Crise sanitaire Covid-19 : l’ENM a créé des formations spécifiques

Le 2 juillet, l’ENM dispensera aux magistrats une formation unique sur l’urgence sanitaire et la protection des données personnelles de santé, suite au déploiement de l’application StopCovid dans le cadre du déconfinement lié à la pandémie de COVID-19. 2 autres formations, l’une sur la gestion managériale de la crise, l’autre sur les procédures collectives (entreprises en difficulté) ont également été créées.
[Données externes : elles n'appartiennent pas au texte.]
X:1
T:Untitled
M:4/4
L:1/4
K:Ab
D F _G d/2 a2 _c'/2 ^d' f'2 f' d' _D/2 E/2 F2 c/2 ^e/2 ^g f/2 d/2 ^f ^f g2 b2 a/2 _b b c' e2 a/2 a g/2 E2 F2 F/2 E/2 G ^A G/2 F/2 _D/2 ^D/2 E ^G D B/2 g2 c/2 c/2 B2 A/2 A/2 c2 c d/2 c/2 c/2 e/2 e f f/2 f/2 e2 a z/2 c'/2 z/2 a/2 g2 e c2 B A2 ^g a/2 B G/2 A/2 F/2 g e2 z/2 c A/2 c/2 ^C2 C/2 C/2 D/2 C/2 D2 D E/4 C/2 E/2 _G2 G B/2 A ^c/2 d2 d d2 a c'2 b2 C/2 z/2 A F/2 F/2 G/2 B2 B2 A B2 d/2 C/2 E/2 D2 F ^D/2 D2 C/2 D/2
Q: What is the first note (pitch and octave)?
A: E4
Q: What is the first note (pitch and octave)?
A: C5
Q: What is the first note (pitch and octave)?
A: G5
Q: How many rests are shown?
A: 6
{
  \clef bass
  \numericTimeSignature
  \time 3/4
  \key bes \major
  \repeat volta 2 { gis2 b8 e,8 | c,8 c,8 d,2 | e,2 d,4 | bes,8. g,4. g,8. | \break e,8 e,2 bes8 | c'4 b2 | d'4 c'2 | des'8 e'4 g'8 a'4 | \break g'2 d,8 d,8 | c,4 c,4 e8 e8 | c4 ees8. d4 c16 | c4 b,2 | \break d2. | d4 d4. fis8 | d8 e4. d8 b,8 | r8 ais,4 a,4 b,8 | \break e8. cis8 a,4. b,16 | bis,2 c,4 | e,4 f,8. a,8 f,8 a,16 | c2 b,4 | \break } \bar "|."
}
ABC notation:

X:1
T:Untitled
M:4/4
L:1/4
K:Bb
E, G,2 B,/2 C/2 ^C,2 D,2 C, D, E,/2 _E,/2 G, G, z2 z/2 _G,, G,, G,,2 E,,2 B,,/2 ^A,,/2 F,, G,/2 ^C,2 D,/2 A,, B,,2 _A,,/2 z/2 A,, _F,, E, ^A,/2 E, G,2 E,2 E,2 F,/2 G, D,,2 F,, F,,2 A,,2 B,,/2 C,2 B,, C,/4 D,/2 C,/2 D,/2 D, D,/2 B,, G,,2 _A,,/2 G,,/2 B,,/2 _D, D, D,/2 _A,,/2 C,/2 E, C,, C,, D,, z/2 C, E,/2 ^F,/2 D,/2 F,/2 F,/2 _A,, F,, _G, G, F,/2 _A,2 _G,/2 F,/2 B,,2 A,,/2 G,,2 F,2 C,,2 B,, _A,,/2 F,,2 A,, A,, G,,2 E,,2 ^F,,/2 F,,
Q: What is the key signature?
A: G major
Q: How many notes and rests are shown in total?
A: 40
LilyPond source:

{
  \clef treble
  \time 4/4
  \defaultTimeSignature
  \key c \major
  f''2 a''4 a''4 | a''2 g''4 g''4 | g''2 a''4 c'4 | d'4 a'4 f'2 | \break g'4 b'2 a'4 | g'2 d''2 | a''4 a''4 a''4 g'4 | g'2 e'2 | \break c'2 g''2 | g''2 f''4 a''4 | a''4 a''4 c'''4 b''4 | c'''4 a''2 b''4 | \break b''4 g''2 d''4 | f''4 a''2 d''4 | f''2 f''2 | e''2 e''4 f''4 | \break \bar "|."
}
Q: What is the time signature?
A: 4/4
Le déploiement de l’application StopCovid aux citoyens s’inscrivant dans le plan global de déconfinement du Gouvernement, le télétravail appliqué à une grande partie des magistrats durant la période de confinement ou encore l’augmentation du nombre d’entreprises en difficulté pendant la crise sanitaire sont autant de situations qui ont impacté les missions des magistrats, mais également la jurisprudence. « La mission de l’ENM est d’apporter soutien aux magistrats par la formation, quelle que soit la situation. C’est pourquoi, l’École nationale de la magistrature a adapté son offre de formation en dispensant en distanciel aux magistrats 3 nouvelles sessions spécifiques liées à la crise », explique Laetitia Dhervilly, sous-directrice de la formation continue à l’ENM. 2 de ces formations ont été élaborées en partenariat avec l’École de formation professionnelle des barreaux de la cour d’appel de Paris (EFB).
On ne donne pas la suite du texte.